--- Data extract Enclosed Below ---

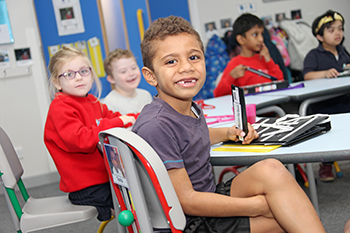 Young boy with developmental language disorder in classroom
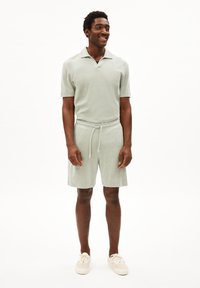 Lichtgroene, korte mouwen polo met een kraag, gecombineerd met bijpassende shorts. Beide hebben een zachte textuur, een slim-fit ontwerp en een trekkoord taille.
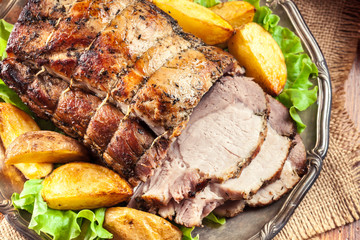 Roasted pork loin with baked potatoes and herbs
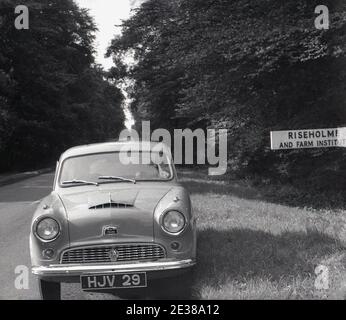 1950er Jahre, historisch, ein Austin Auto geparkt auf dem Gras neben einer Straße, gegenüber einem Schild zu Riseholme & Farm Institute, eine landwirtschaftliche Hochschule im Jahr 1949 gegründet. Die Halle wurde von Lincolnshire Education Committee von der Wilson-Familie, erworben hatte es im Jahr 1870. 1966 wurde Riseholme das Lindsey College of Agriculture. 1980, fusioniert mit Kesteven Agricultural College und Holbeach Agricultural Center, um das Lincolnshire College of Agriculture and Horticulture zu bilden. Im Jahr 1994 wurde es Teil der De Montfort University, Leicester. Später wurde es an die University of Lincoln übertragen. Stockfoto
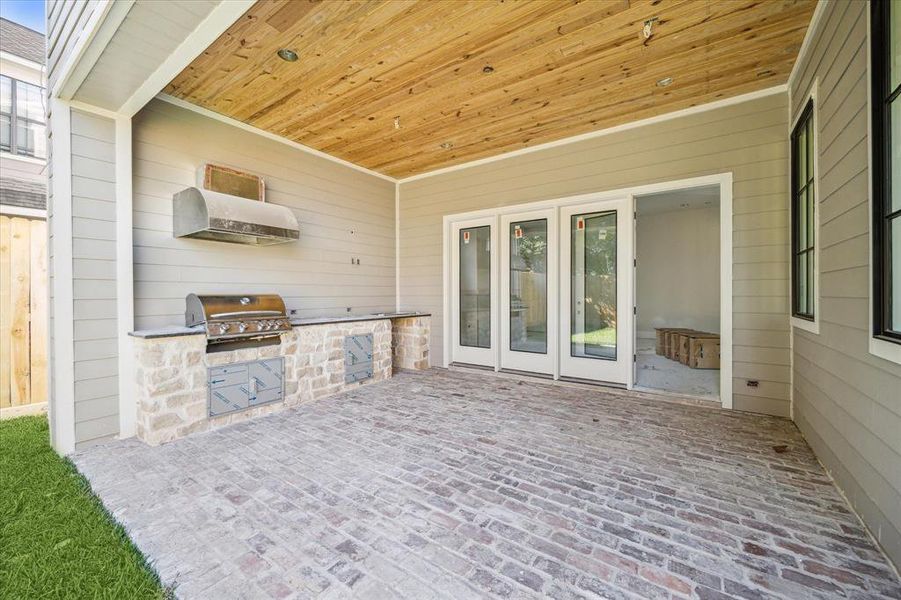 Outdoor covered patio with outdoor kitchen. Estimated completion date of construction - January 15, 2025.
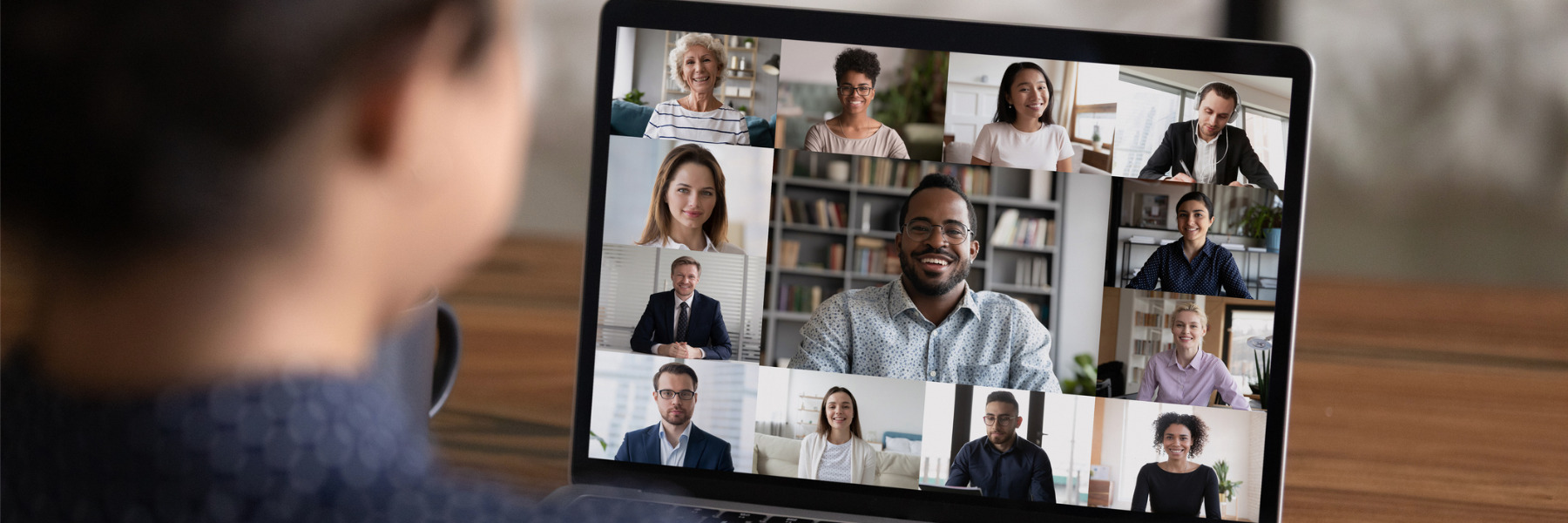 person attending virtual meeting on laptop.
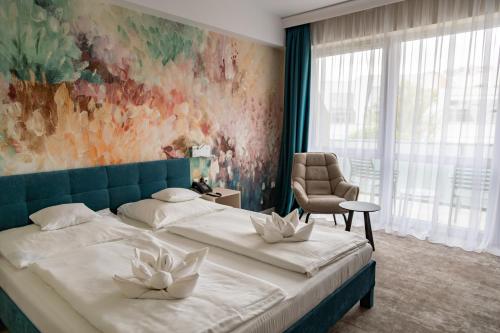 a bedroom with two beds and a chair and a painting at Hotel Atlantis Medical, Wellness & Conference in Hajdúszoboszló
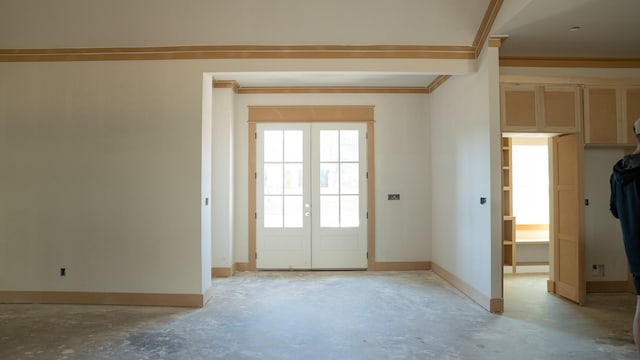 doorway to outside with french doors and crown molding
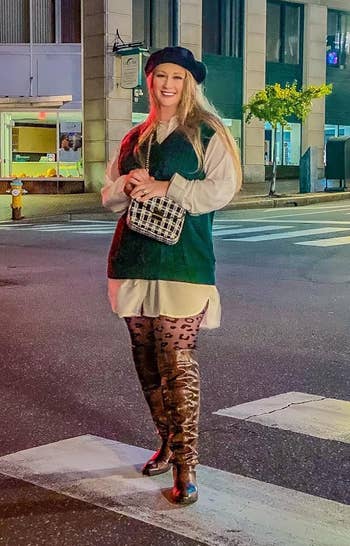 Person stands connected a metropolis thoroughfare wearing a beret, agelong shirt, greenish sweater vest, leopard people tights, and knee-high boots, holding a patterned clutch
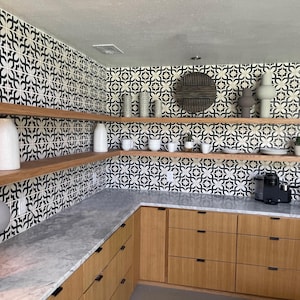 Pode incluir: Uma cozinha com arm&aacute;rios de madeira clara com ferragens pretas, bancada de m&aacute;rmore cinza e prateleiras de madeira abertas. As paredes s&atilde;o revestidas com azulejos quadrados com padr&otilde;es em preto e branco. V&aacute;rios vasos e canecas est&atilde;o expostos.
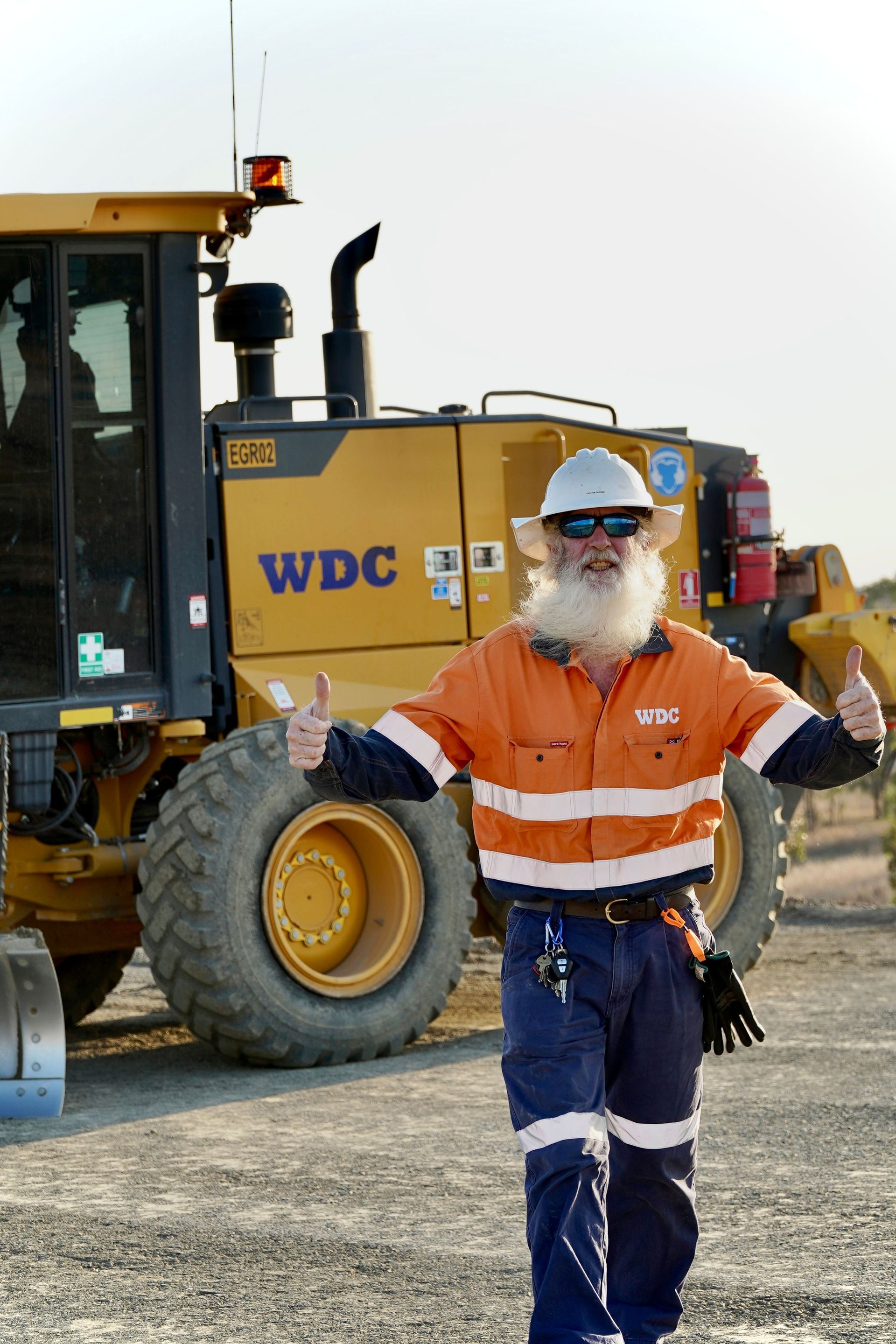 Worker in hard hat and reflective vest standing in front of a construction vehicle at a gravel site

--- End of Enclosed Data extract ---

- **Try it**
Copy out the listing exactly as it stands, but not the pictures.

- **Result of this exercise**
 Young boy with developmental language disorder in classroom
 Lichtgroene, korte mouwen polo met een kraag, gecombineerd met bijpassende shorts. Beide hebben een zachte textuur, een slim-fit ontwerp en een trekkoord taille.
 Roasted pork loin with baked potatoes and herbs
 1950er Jahre, historisch, ein Austin Auto geparkt auf dem Gras neben einer Straße, gegenüber einem Schild zu Riseholme & Farm Institute, eine landwirtschaftliche Hochschule im Jahr 1949 gegründet. Die Halle wurde von Lincolnshire Education Committee von der Wilson-Familie, erworben hatte es im Jahr 1870. 1966 wurde Riseholme das Lindsey College of Agriculture. 1980, fusioniert mit Kesteven Agricultural College und Holbeach Agricultural Center, um das Lincolnshire College of Agriculture and Horticulture zu bilden. Im Jahr 1994 wurde es Teil der De Montfort University, Leicester. Später wurde es an die University of Lincoln übertragen. Stockfoto
 Outdoor covered patio with outdoor kitchen. Estimated completion date of construction - January 15, 2025.
 person attending virtual meeting on laptop.
 a bedroom with two beds and a chair and a painting at Hotel Atlantis Medical, Wellness & Conference in Hajdúszoboszló
 doorway to outside with french doors and crown molding
 Person stands connected a metropolis thoroughfare wearing a beret, agelong shirt, greenish sweater vest, leopard people tights, and knee-high boots, holding a patterned clutch
 Pode incluir: Uma cozinha com arm&aacute;rios de madeira clara com ferragens pretas, bancada de m&aacute;rmore cinza e prateleiras de madeira abertas. As paredes s&atilde;o revestidas com azulejos quadrados com padr&otilde;es em preto e branco. V&aacute;rios vasos e canecas est&atilde;o expostos.
 Worker in hard hat and reflective vest standing in front of a construction vehicle at a gravel site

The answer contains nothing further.